**Problem statement**. Restate the following entries exactly. Keep the pictures out.

Exercise data Start Marker

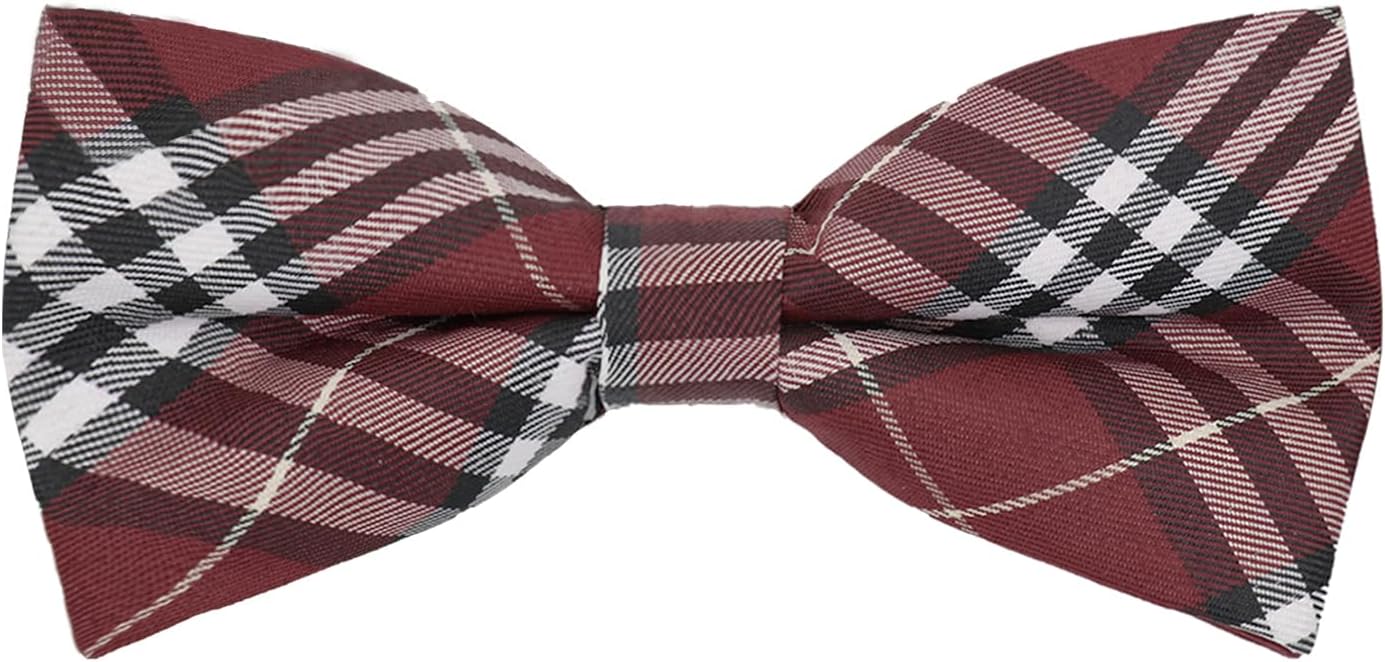 Mantieqingway Men's Bow Ties, Pre-Tied Adjustable Plaid Bowties Men for Business Daily Wedding Party
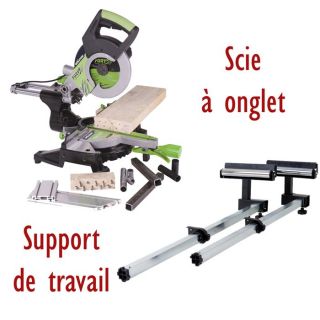EVOLUTION Scie à onglet radiale & Support   Achat / Vente SCIE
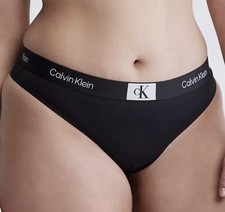 CALVIN KLEIN 1996 Modern Cotton Black White Thong Panty Womens Plus Sz 1X 2X 3X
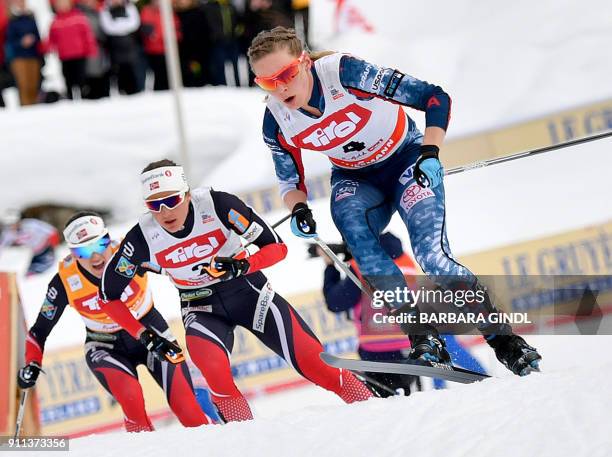 Heidi Weng of Norway, Ingvild Flugstad Oestberg of Norway and Jessica Diggins of the USA compete during the Ladies FIS Cross Country 10 km Mass Start...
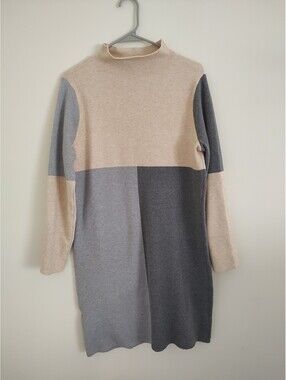 THML Neutral Color Block Knit Mock Neck Sweater Dress Size M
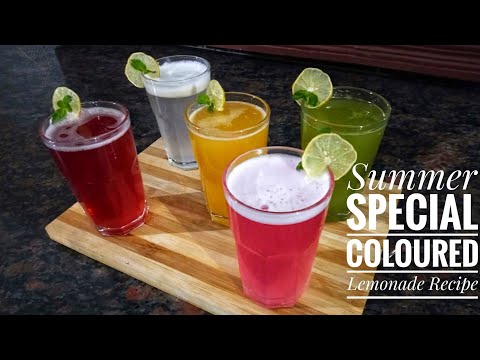 easy-lemonade-recipe-in-malayalam-|-5-different-colour-lemonade-drinks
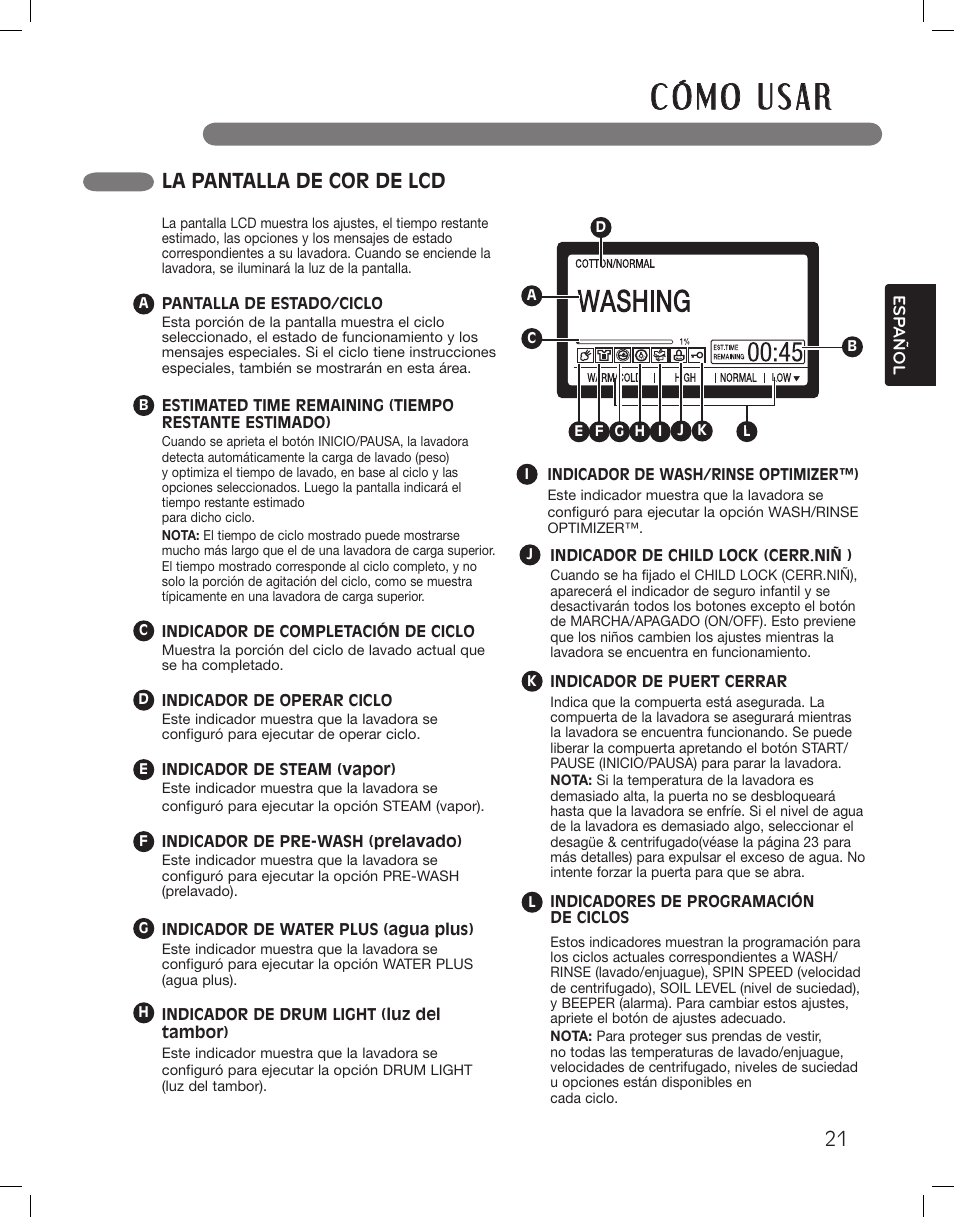 La pantalla de cor de lcd | LG WM3885HCCA User Manual | Page 57 / 108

Exercise data End Marker

**Your response**.
 Mantieqingway Men's Bow Ties, Pre-Tied Adjustable Plaid Bowties Men for Business Daily Wedding Party
EVOLUTION Scie à onglet radiale & Support   Achat / Vente SCIE
 CALVIN KLEIN 1996 Modern Cotton Black White Thong Panty Womens Plus Sz 1X 2X 3X
 Heidi Weng of Norway, Ingvild Flugstad Oestberg of Norway and Jessica Diggins of the USA compete during the Ladies FIS Cross Country 10 km Mass Start...
 THML Neutral Color Block Knit Mock Neck Sweater Dress Size M
 easy-lemonade-recipe-in-malayalam-|-5-different-colour-lemonade-drinks
 La pantalla de cor de lcd | LG WM3885HCCA User Manual | Page 57 / 108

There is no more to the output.